Thank you so much for all of this great advice. It is certainly more than I had expected. I'm sorry I've not answered sooner but I've been with her since I posted this thread.

I already have access to her emails and facebook and I can easily obtain access to her phone. I've got a piece of software ready to look for deleted text messages as well.

It is very hard for me to follow her to her exercise classes as we have young children who cannot be left alone for any amount of time and any potential short term babysitters we have are her friends. This means essentially that when she goes out I am trapped with the children.

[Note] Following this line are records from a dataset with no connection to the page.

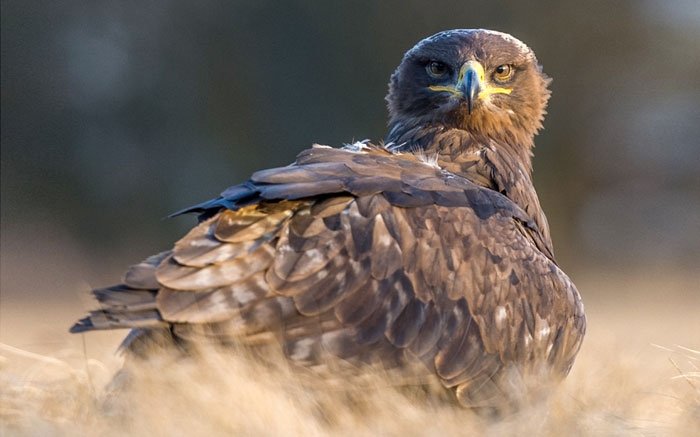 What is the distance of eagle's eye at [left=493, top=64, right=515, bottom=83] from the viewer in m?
6.21

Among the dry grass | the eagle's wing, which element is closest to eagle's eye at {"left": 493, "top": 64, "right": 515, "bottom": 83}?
the eagle's wing

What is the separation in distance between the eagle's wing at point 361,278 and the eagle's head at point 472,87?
1.15m

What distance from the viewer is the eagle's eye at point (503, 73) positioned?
621 cm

I do know that she does attend a large number of spinning classes however you may be right that 1 of them might be a cover for an illicit meet up, especially the longer hours classes (I have noticed she is actually less sweaty after them than the 45 minute classes)

I'm going to shut up for now and act like trusting, stupid, dumb but caring husband. The funny thing is she's been asking me over the last 24 hours I've been typing so much as I've been answering posts to this and private message Reddit. She's obviously very alert for changes in my behaviour which I find strange and might be her defense mechanism for me picking up on what she might be doing.

I do think it is more likely to be a lesbian affair as generally shes never shown much interest in men. For example she doesn't really fancy any movie or music stars. Whenever we have had a threesome she has never wanted another man, its always a women with us.

I'm going to read all of the links you've provided me too as I want to be as prepared as possible and I will also get some legal advice to prepare for the possible split about my rights as in this case I want the kids as I am far more of a parent to them than she ever is.

I'm going to try and follow her or place a listening device for one of those girls nights, she has another in a couple of weeks time. 

I'm really upset about this, but not I'm finally coming to my senses I am not going to let myself be steam rolled out of the way again. I will keep you updated as I go and thank you once again for the advice. Please keep asking any questions as I'll try to answer as soon as I can.


----------



## Philat (Sep 12, 2013)

Threesomes now....

_Please keep asking any questions as I'll try to answer as soon as I can._

Sure... Aren't you the one supposed to be asking questions?


----------



## Squeakr (May 1, 2013)

The threesomes thing is a bombshell dropped as it sounds like a more regular thing the way it was broached. So you have an open relationship that was not eluded to earlier unless I missed something.

If you have time for threesomes someone must be watching the kids then, so why couldn't they watch them web you feel the need to follow as well?

If you are open to sharing her during a threesome, why the big issue sharing otherwise, as isn't sharing just that, sharing?

Are you afraid she is going to leave you for another woman?

Also if she is so into women, then following her would generally do no good, as she would have the opportunity to hook up in the locker room at the gym and you would still never know if following her.


----------



## Machiavelli (Feb 25, 2012)

whosaidthrowaway said:


> My wife and I have recently celebrated our 15th wedding anniversary 4 days ago... it has been the real trigger for a series of thoughts that have led me to write this post for some advice....
> 
> During the majority of our marriage we have had our ups and downs but have always been close and had a healthy relationship with regular affection and sex. However, about 4 years ago we lost our house and my wife found that devastating but she seemed to have recovered by 1 year after.


This isn't the root of the problem, but it could have been under different circumstances, and it may have contributed in part to the planting the seed of your present troubles. Basically, whatever rank your wife assigned to you on the male totem pole of sexual attraction took a big hit on this occasion. No matter whose fault it was, she feels rightly or wrongly, consciously or subconsciously, that you failed in your duty to the family. 



whosaidthrowaway said:


> I have noticed that over the past year our sex life started declining quite rapidly so such a point that we have only had sex 4 times in the past 12 months whereas before it was at least twice a month (we have 2 children which doesn't help).


You have a "sexless marriage": less than ten times annually. So, one of you has no sexual attraction to the other.



whosaidthrowaway said:


> In fact it is so bad we don't even have sex on "special" days including our most recent anniversary
> This alone would have been concerning


No kidding. So, what happened when you started your seduction of your wife on your anniversary? How exactly did she deflect your advance?



whosaidthrowaway said:


> but I also noticed that we didn't seem to be kissing as much and that I was always the initiator of the kisses, additionally we were saying "I love you much" either and again I was mainly the initiator.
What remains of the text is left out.